* **REQUIRED ACTION**: Copy every line from the one that holds "Aura Tinted Glass" to the end of the records below, exactly and with nothing else, but without any pictures.

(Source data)

--

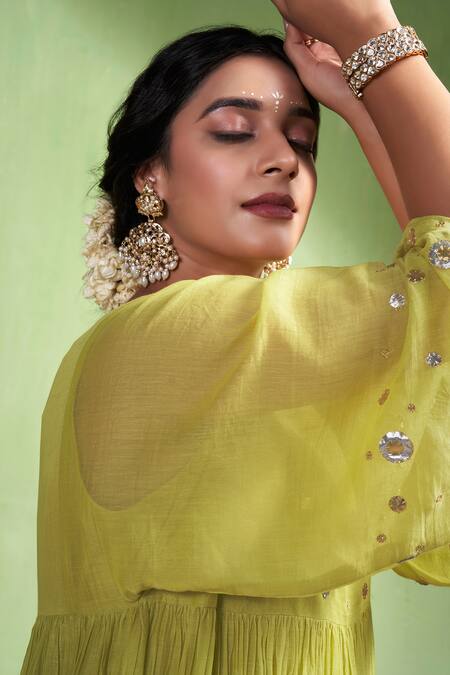 Buy_Almaari By Pooja Patel_Green Chanderi , Gota Patti Round Aarohi Gathered Anarkali Pant Set _Online_at_Aza_Fashions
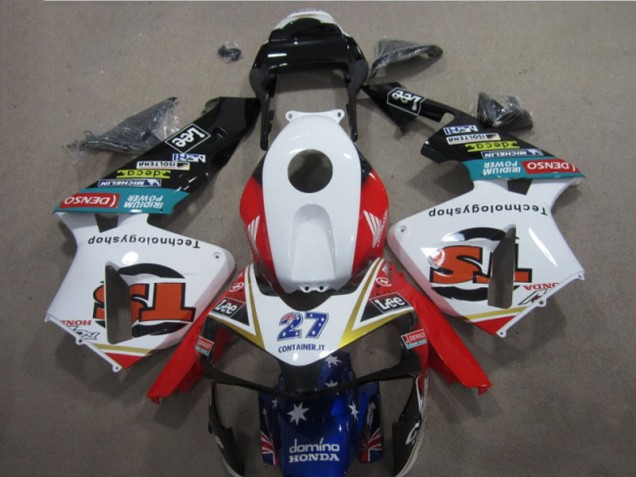 Custom 2003-2004 White Red Blue 27 Honda CBR600RR Motorcycle Fairings Custom 2003-2004 White Red Blue 27 Honda CBR600RR Motorcycle Fairings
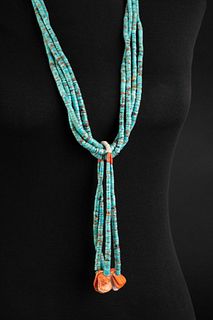Santo Domingo, Four Strand Natural Turquoise and Coral Necklace with Jaklas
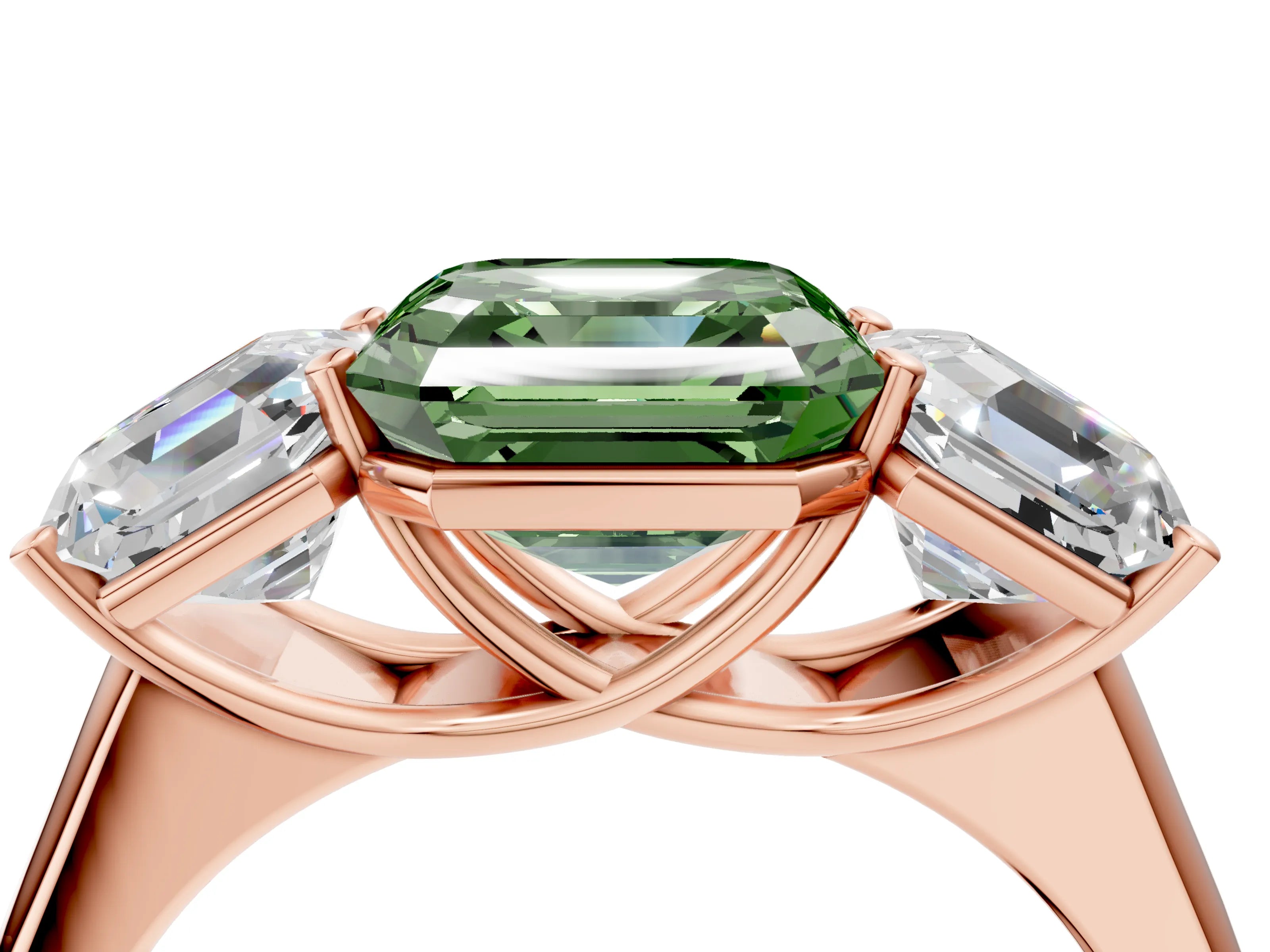 Rose gold Fancy Green Asscher Cut Three-Stone Diamond Ring with Prong Setting on a Classic Band_4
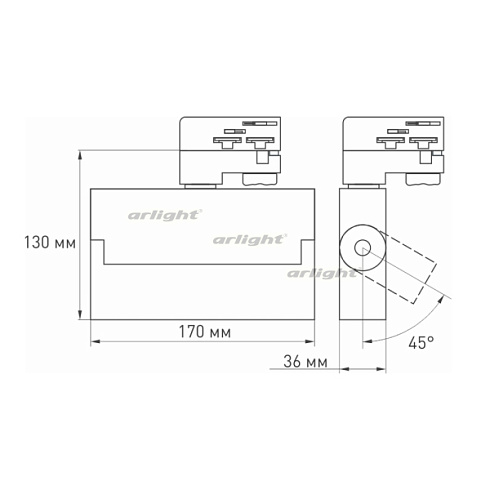 Светильник LGD-LOFT-TRACK-4TR-S170-10W Day4000 (WH, 24 deg, DALI) (Arlight, IP20 Металл, 3 года)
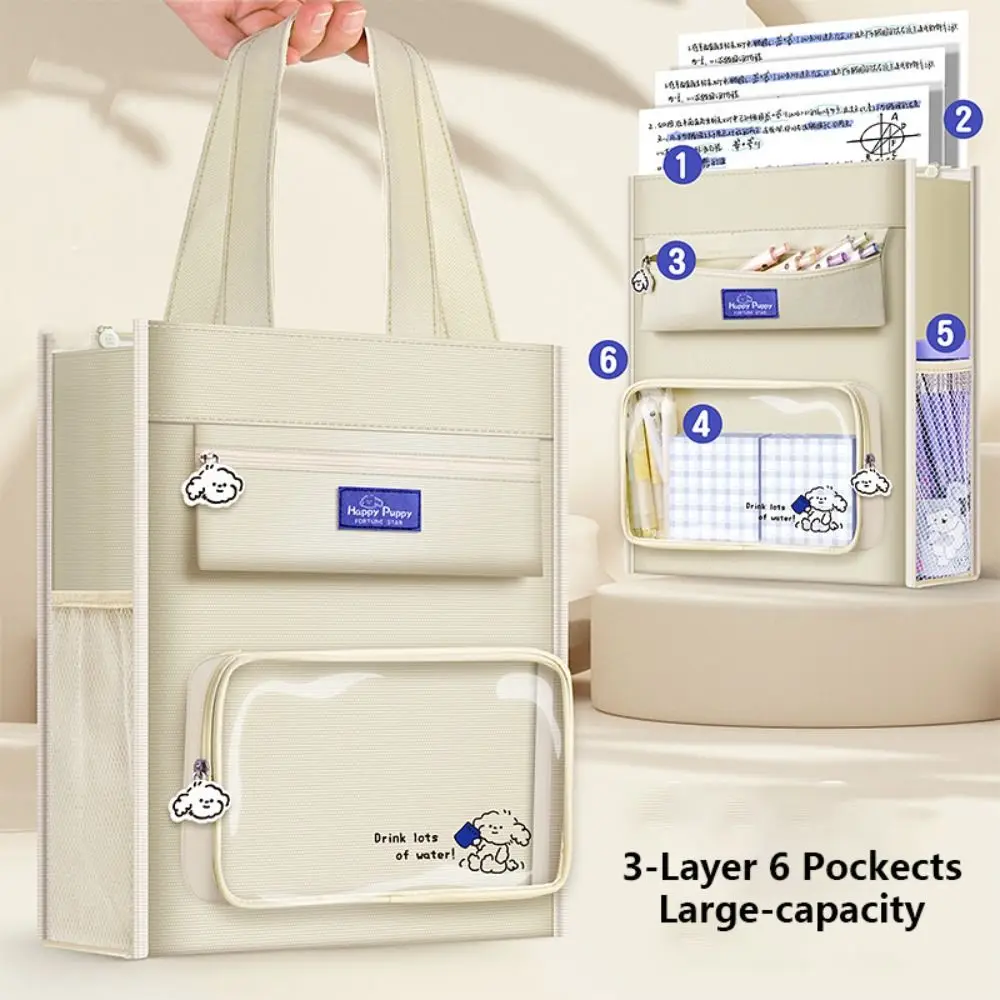 

3-Layer 6 Pockects Large-capacity Tutorial Storage Bag Students Handbag Portable Tote School Bag File Bag Cartoon Canvas Art Bag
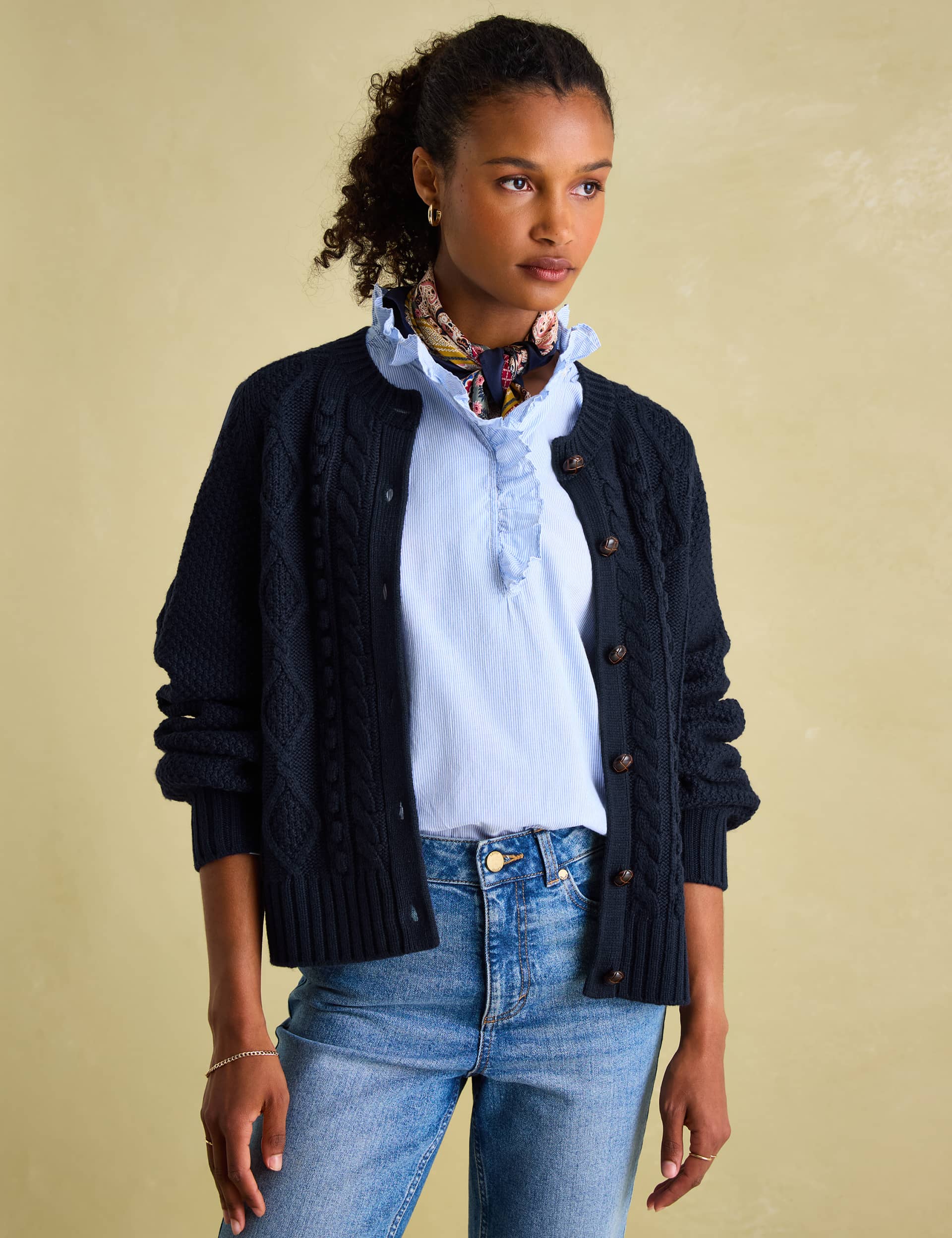 Joules Women's Textured Crew Neck Cardigan with Wool - 26 - Navy, Navy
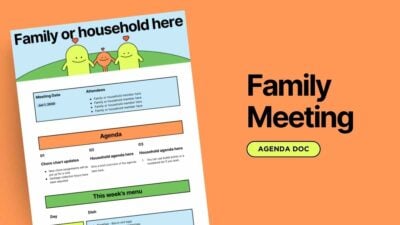 Cute Family Meeting Agenda Doc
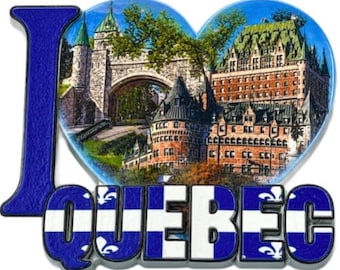 Magnetic I Love Quebec City Scenic  Fridge Souvenir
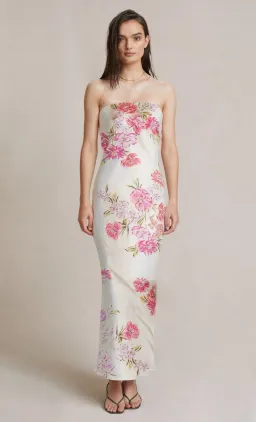 Bec & Bridge Tropic Fauna Strapless Dress White Size AU 10 for rent on The Volte - image 1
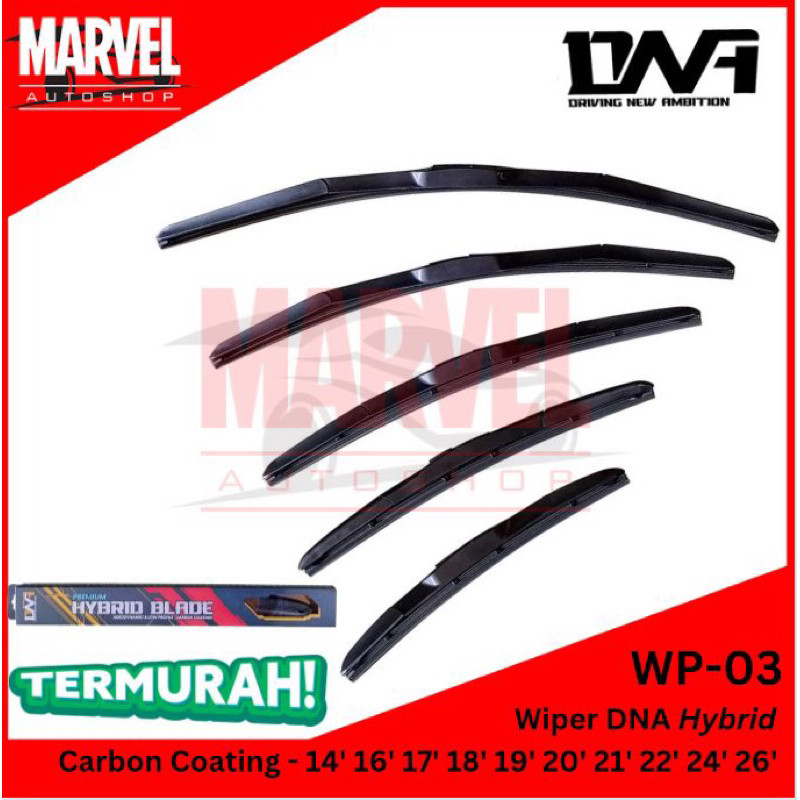 WIPER MOBIL PREMIUM HYBRID BLADE DNA / WIPER MOBIL UNIVERSAL CARBON COATING / WIPER KACA DEPAN MOBIL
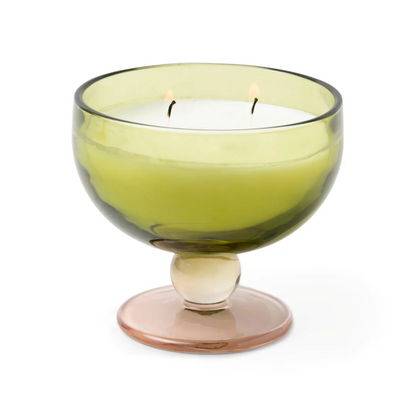 Aura Tinted Glass Goblet - Green & Blush - Misted Lime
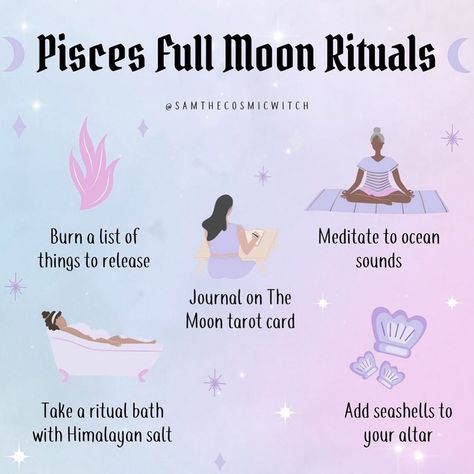 Magick Aesthetic, Herbs Witch, Pisces Moon Sign, Pisces Full Moon, Crystals Witchcraft, Full Moon Spells, Wicca Crystals, Full Blue Moon, Full Moon In Pisces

--

* **REPLY**:
 Aura Tinted Glass Goblet - Green & Blush - Misted Lime
 Magick Aesthetic, Herbs Witch, Pisces Moon Sign, Pisces Full Moon, Crystals Witchcraft, Full Moon Spells, Wicca Crystals, Full Blue Moon, Full Moon In Pisces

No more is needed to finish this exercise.